Let’s face it, if you’re looking for a toy that you can change from one thing and make it resemble something else entirely, sand is pretty much the ultimate Transformer.
Though sand sculptures may have their origins as far back as ancient Egyptian times, the first documented sand sculptures were done in the late 19th century in Atlantic City, New Jersey (yet another reason to be envious of my home state). It seems as though kids must have taken to liking the hobby at some point in the early 20th century, since there is a market for vintage sand buckets, and while tin lithography buckets are out there, I’ve also seen other examples that are clearly from the 1920s or earlier, like this one that recently appeared on eBay.

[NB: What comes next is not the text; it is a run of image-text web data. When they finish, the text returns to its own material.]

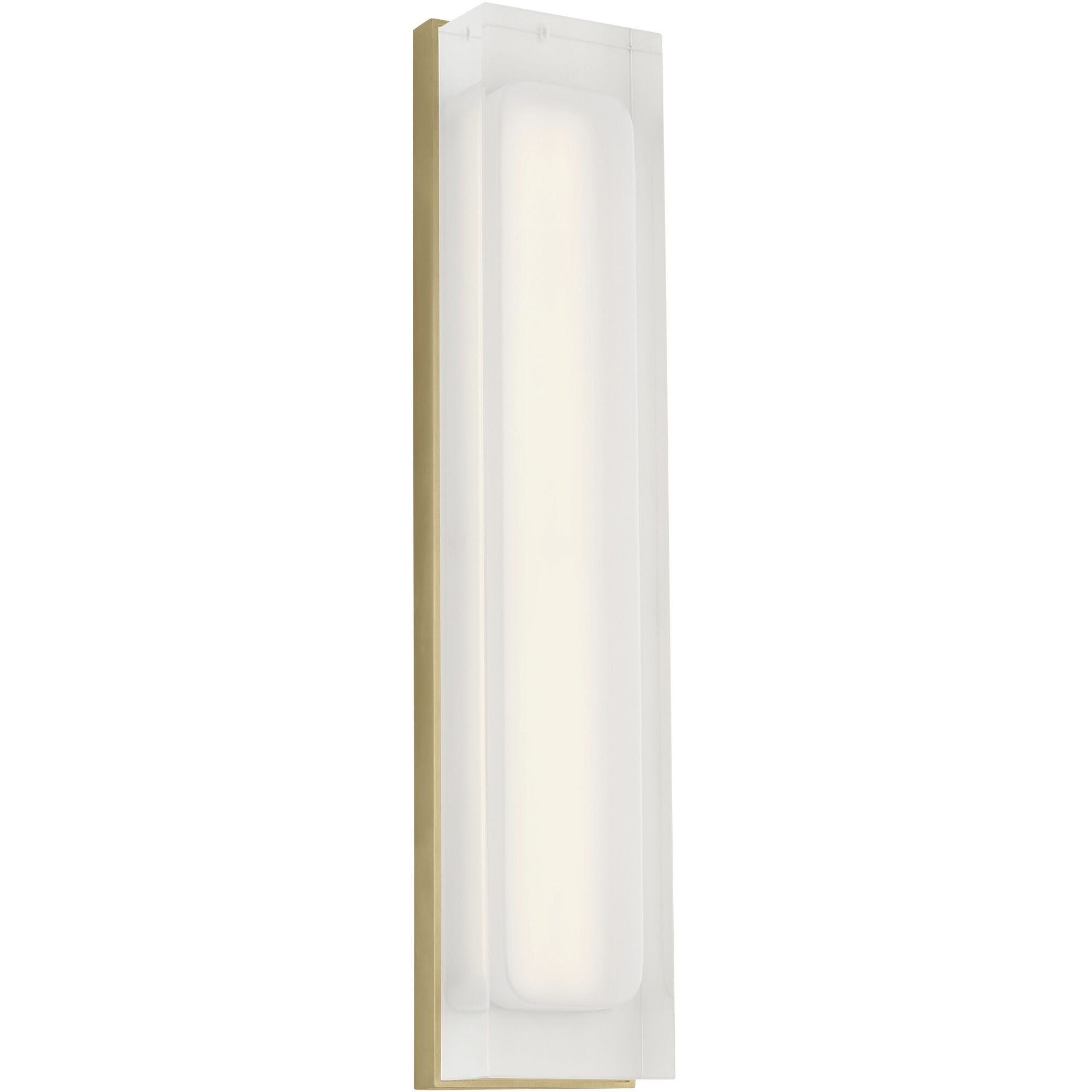 Sean Lavin Milley LED 2.6 inch Natural Brass ADA Wall Sconce Wall Light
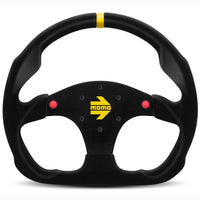 MOMO MOD.30 B Black Suede Steering Wheel 320mm - VR30B32BKNEWR
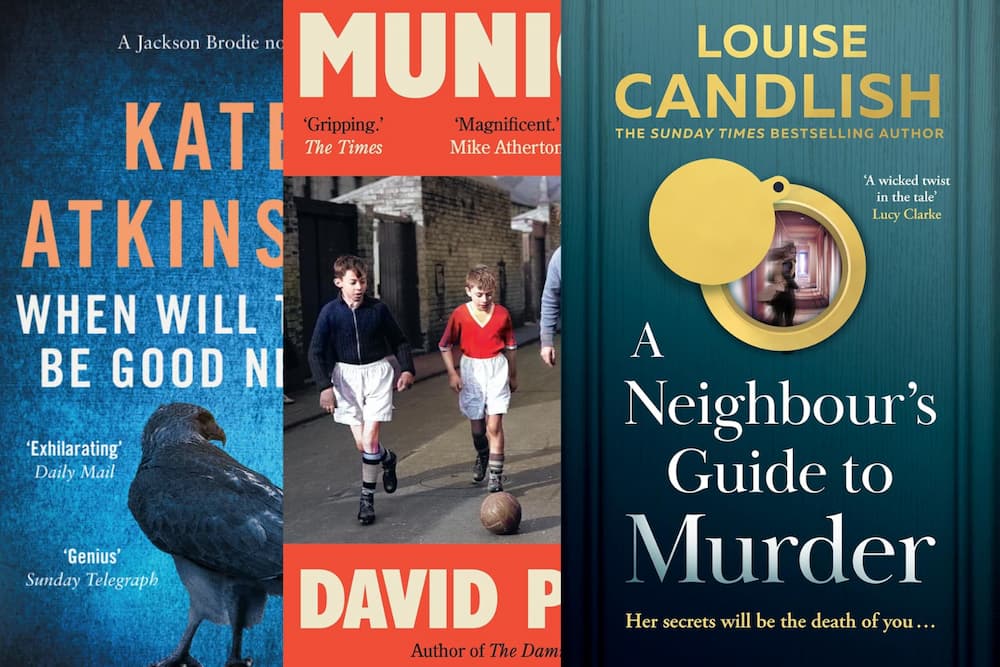 Novos audiolivros para agosto
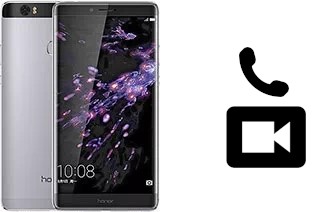 Effettua videochiamate con a Huawei Honor Note 8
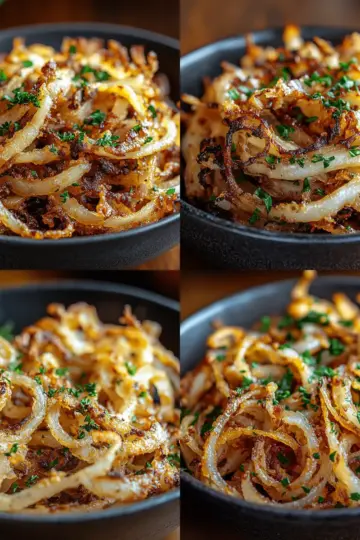 Crispy Onions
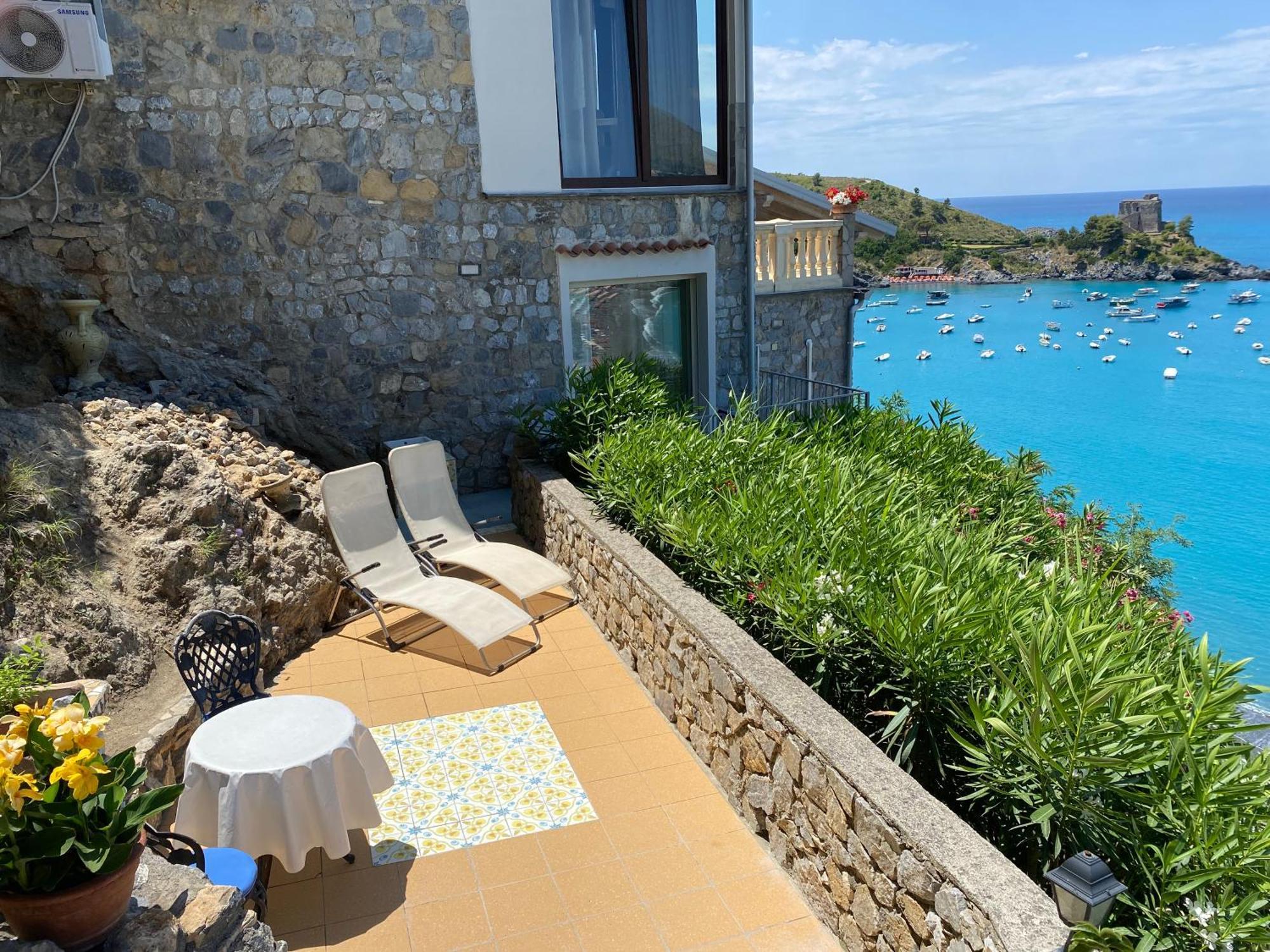 B&B Villa La Petra San Nicola Arcella Pokój zdjęcie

Think about it, though. Once you get to the beach, you have a virtually unlimited supply of sand at your disposal, and all you need to play with it is a little imagination, just like any toy. Sure, you can’t take it home with you at the end of the day (unless you’re playing in a sandbox in your backyard, but even then, I doubt your parents would let you take your creation inside the house). But with a few tools, you can create pretty much anything you want out of finely compacted granules of silica.
However, let’s say you’re an executive at a toy company in the 1980s. You’re looking to corner every market imaginable. Sure, kids are buying your action figures, and between a cartoon, party supplies, board games, coloring books, radios, stickers, and every product in between, you’ve got virtually every desirable kid-based market covered…except the kids at the beach playing with all that free sand. How do you reach them?
You do it by creating the coolest set of sand building toys in existence.
Behold the Transformers 6-in-1 Sandbot! This toy was made in 1984 at the height of the launch of the Transformers brand by HG Toys, a company that would scoop up popular licenses (or licenses they THOUGHT would be popular) and use the images of characters to create more basic toys like puzzles and games and role play items. In other words, Hasbro had the master license to produce the action figures, but HG Toys could produce virtually anything else that featured Transformers characters. While getting off to a slow start with fairly basic toys in the 1970s, by the 1980s, they were crafting more interesting, exclusive designs based on popular properties. For example, check out the wide array of Masters of the Universe products they created here, including role play sets with light-up swords and an inflatable ride-on Battle Cat!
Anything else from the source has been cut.